Based on this input, the FASB issued an alternative that allows private companies to amortize goodwill and apply a simplified goodwill impairment model.

But private companies weren’t the only ones who questioned the relative usefulness of the existing goodwill impairment model. In fact, their feedback was consistent with what we’d heard from not-for-profit organizations and some public companies.

So the FASB looked at ways to extend the private company alternative to a broader audience.

The result? Last month, the FASB issued a new standard that extends the PCC alternative for goodwill and for measuring certain identifiable intangible assets to not-for-profit organizations. In the coming weeks, we’ll also issue an Invitation to Comment on a broad project on the subsequent accounting for goodwill and the accounting for certain identifiable intangible assets directed primarily to public business entities.

In another project, we simplified guidance for share-based payments. Based on our work with the PCC, the FASB issued several targeted amendments that makes it easier for all organizations to account for forfeitures and tax withholdings, among other improvements. To further reduce costs for private companies, we allowed them an expedient to determine the expected term of an option and another opportunity to elect using intrinsic value to measure a liability-classified award.

Speaking of share-based payments…last year, the FASB issued a standard that makes it easier for companies to account for the share-based payments they provide to service providers, suppliers, and other people that are not employees. PCC input helped make that happen.

With the help of the PCC, we continue to tackle projects to improve standards for all stakeholders.  We will be discussing the PCC’s existing project on share-based compensation during our Town Hall today.

Our active agenda project on liabilities and equity will simplify a very complex area of accounting—and provide more relevant information to financial statement users. Again, we turn to the PCC to help us cut through the “noise” to get to the information that’s most relevant.

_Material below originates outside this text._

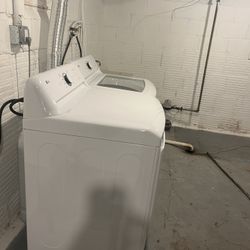 Washing Machine And Dryer Brand New Not Even Four Months Old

At a meeting last April, the PCC generally supported a reduction in the number of models for convertible debt among some of the other targeted improvements we will be proposing. We’ll incorporate this input in an Exposure Draft scheduled to be issued later this summer.

PCC perspectives also inform our work to simplify balance sheet classification of debt. At a recent PCC meeting, members continued to support the view that unused lines of credit should not be considered in determining debt classification. Currently, the staff is working on a revised Exposure Draft to be issued later this year—one that will reflect this feedback.

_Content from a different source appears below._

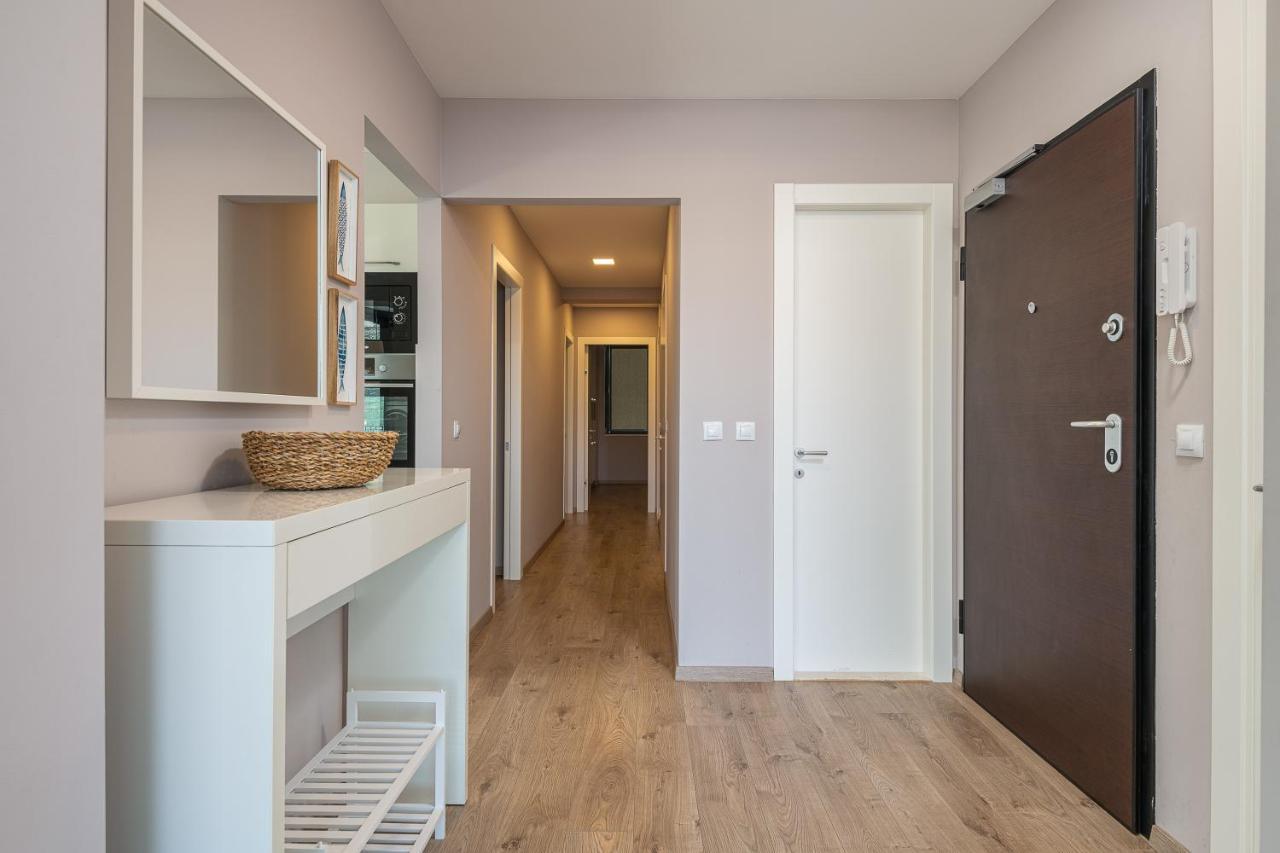 Hill Penthouse Apartment Zrnovo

In the spirit of serving all stakeholders—and inspired by our work with the PCC—the FASB will revisit our philosophy on how we set effective dates for all standards. At a public meeting next month, the FASB will consider whether longer implementation timelines should also be extended for private companies and not-for-profit organizations as well as for smaller public companies—and if so, how we should define a “small public company.” At the same time, to the extent we change that philosophy, we will look at the effective dates of certain currently issued ASUs, not yet effective, to determine whether they should be amended to reflect a new philosophy.   We will be discussing this philosophy with the PCC later this month.

Serving all our stakeholders is an ongoing process—one that doesn’t end when a final standard has been issued.  But even the best standard in the world will fall short if stakeholders can’t understand or apply it in practice.

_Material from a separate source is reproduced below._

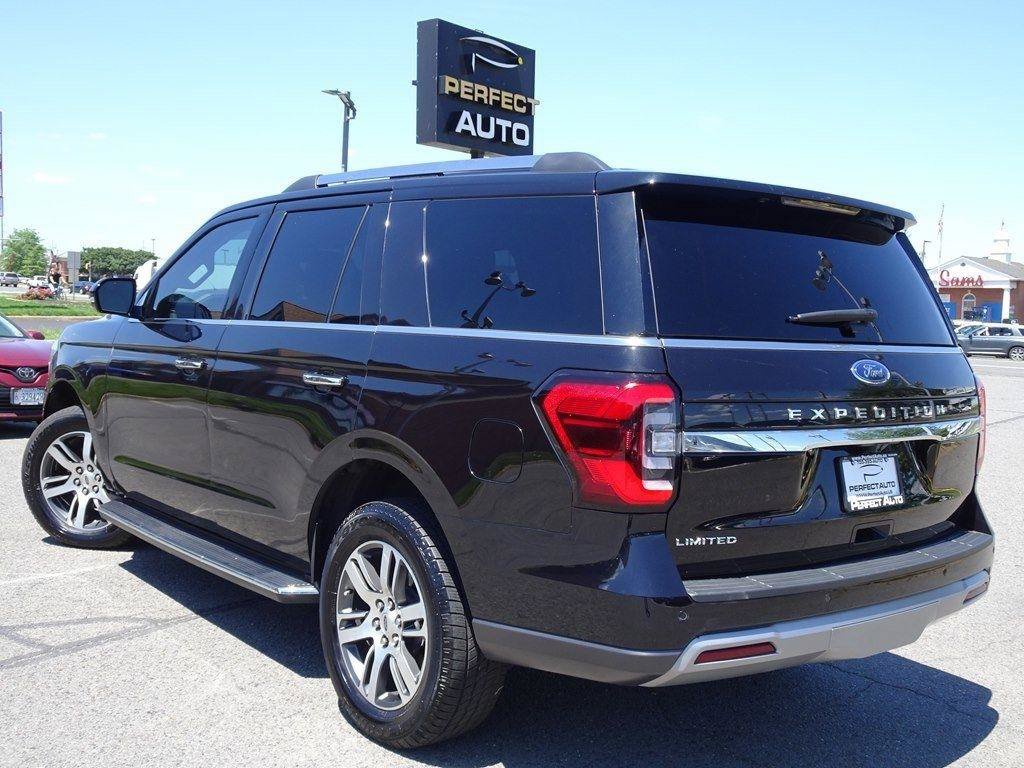 Used 2023 Ford Expedition Limited RWD image 4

The PCC is helping us in this area, too. Every PCC meeting includes discussion about private company implementation issues. These dialogues between Board and Council members help us develop and refine educational resources that address your specific needs and concerns on revenue recognition, leases, credit losses, and all new standards.

We’ve also been more proactive in developing educational resources to help all preparers and practitioners implement our standards.  They include plain-language documents, educational videos, CPE webcasts, transition resource groups, and the FASB implementation web portal—a “one-stop shop” for the information to help you implement standards.

These resources have been well received. But because “one size does not fit all,” we make it a point to customize resources to meet different stakeholder needs.

For example, to support private company transition to the revenue recognition standard, the FASB staff developed various resources specifically targeted to private companies.  They include videos, Q and A documents, and staff papers that focus on certain private company-specific issues developed in conjunction with the PCC and the Technical Issues Committee of the AICPA.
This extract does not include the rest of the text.